Research talk:Automated classification of article importance/Work log/2017-04-20
Thursday, April 20, 2017
editToday I plan to train a new classifier for WPMED, study WikiProject activity in more detail, follow up on some project communication, and start working on global data.
WPMED classifier
editI've gathered new data on the number of inlinks to articles, taking (single) redirects into account. The new dataset also corrects some changes that have been done since my first data gathering, many articles were reassessed either by me or members of WPMED. My data flow also accounts for the Wikidata instances that are to be declared Low-importance (hereby referred to as "Low-importance by default").
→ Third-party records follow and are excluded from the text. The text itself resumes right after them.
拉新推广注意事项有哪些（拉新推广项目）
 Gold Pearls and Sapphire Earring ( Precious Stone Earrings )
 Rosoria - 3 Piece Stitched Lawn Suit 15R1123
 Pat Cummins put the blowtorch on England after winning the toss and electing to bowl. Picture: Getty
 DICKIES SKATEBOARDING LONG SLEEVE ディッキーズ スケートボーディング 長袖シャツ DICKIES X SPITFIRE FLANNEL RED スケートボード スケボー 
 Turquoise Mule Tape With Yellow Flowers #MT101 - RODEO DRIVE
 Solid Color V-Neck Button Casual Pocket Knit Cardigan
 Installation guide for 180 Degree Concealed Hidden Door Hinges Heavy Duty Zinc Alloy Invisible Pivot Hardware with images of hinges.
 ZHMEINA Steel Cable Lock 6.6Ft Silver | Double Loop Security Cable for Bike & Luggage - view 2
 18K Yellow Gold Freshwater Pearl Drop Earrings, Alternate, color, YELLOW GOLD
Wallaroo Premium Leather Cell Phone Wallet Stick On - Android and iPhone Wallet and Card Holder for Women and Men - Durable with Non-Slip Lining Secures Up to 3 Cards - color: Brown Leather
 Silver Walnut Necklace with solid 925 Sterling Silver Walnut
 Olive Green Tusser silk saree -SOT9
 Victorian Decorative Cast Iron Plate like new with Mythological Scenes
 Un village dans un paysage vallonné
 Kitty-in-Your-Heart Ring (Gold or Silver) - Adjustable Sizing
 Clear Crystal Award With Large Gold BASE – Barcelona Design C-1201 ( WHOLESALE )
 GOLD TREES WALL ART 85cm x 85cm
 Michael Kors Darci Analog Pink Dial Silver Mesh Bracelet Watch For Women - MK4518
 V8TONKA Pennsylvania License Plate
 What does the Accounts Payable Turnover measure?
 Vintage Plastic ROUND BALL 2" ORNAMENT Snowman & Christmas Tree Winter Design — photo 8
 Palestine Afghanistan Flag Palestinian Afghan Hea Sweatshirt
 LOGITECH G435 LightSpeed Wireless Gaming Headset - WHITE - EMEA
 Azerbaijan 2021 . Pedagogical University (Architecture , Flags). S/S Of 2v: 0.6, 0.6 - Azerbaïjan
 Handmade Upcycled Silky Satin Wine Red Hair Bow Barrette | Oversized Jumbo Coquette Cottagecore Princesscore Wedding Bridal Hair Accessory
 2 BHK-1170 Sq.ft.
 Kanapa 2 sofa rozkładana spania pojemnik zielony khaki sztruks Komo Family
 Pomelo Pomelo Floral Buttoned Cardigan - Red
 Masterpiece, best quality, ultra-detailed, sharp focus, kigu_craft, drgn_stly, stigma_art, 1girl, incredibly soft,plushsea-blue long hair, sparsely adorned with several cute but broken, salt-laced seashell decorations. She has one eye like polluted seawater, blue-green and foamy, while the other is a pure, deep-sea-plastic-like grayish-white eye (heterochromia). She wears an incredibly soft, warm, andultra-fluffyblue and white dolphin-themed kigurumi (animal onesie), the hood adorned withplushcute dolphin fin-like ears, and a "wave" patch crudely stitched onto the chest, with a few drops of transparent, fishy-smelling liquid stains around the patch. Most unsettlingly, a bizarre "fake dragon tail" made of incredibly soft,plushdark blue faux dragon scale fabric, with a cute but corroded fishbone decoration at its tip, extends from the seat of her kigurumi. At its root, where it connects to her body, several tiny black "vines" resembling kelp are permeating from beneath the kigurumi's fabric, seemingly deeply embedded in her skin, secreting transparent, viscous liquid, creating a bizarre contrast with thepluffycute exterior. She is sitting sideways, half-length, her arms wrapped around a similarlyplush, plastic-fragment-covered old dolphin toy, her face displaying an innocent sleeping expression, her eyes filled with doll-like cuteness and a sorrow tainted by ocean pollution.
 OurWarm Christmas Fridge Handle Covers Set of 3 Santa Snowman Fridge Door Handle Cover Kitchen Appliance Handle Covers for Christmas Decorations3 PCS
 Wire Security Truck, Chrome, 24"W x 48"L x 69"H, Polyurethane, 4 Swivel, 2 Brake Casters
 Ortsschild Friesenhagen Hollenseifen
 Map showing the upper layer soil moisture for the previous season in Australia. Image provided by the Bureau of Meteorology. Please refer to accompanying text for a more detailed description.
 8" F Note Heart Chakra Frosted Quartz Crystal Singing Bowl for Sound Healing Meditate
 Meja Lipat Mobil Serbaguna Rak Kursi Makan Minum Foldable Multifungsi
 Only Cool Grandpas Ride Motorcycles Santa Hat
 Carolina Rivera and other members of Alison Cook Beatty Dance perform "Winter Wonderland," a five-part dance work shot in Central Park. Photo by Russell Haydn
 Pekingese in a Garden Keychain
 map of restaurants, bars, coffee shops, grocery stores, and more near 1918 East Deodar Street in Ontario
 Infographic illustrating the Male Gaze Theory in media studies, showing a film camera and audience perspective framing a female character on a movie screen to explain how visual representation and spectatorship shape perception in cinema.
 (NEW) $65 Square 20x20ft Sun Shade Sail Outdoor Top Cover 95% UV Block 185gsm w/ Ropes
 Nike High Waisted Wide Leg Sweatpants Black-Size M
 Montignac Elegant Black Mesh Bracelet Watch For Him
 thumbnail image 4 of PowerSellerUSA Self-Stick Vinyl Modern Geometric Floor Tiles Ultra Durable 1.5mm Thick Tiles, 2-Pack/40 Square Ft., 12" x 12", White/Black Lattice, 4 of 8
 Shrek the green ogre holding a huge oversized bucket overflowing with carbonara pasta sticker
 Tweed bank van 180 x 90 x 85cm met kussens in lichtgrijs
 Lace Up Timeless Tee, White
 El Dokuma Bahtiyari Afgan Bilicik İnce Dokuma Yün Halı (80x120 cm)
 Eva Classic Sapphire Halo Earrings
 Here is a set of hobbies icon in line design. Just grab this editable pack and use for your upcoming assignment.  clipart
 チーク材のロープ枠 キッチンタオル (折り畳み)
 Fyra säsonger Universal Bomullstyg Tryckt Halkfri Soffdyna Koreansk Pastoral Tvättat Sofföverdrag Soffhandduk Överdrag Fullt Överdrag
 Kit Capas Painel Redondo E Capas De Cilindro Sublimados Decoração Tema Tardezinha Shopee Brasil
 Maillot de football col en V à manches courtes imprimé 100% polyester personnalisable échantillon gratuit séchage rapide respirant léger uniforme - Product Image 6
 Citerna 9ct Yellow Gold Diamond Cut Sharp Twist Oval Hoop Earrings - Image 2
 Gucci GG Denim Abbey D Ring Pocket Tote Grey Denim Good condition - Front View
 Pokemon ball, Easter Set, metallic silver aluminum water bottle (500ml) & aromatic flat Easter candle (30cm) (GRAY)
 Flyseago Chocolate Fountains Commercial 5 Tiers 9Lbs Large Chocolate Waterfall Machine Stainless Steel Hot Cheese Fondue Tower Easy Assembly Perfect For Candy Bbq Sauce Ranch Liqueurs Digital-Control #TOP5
I built a 3,600 article training set consisting of a random sample of 90 of the 91 Top-importance articles, 810 synthetic Top-importance samples, and 900 random articles from each of the other three importance categories, with the "Low-importance by default" articles removed. I then trained a GBM classifier using this dataset, finding that it should have a minimum node size of 128, and a forest size of 3,701 trees. Using this model to predict the entire new WPMED dataset gives the following confusion matrix:
Top | High | Mid | Low | Accuracy | |
---|---|---|---|---|---|
Top | 77 | 13 | 1 | 0 | 84.62% |
High | 179 | 584 | 136 | 77 | 59.84% |
Mid | 188 | 1,897 | 4,002 | 2,755 | 45.26% |
Low | 50 | 1,043 | 3,674 | 14,735 | 75.56% |
Average | 65.95% |
The performance of this classifier is much stronger than what we saw a week ago, suggesting that considering redirects in these calculations add a significant amount of signal. Performance takes a solid step forwards for Top- and High-importance articles, and is roughly equal for Low-importance articles. Accuracy for Mid-importance articles is, however, greatly improved, as it doubles.
I manually inspected some of the misclassified articles, and the classifier appears to make reasonably sane predictions. I'll create a table of misclassified examples to discuss with WPMED.
Project Communication
editWe recently announced the project on wiki-research-l, so I've been following up on responses there. Particularly useful was Pine's reply with some pointers to various practices around importance on the English Wikipedia.
I've also responded to a thread on our project's talk page, and gotten in touch with WPMED about the predictions we've made.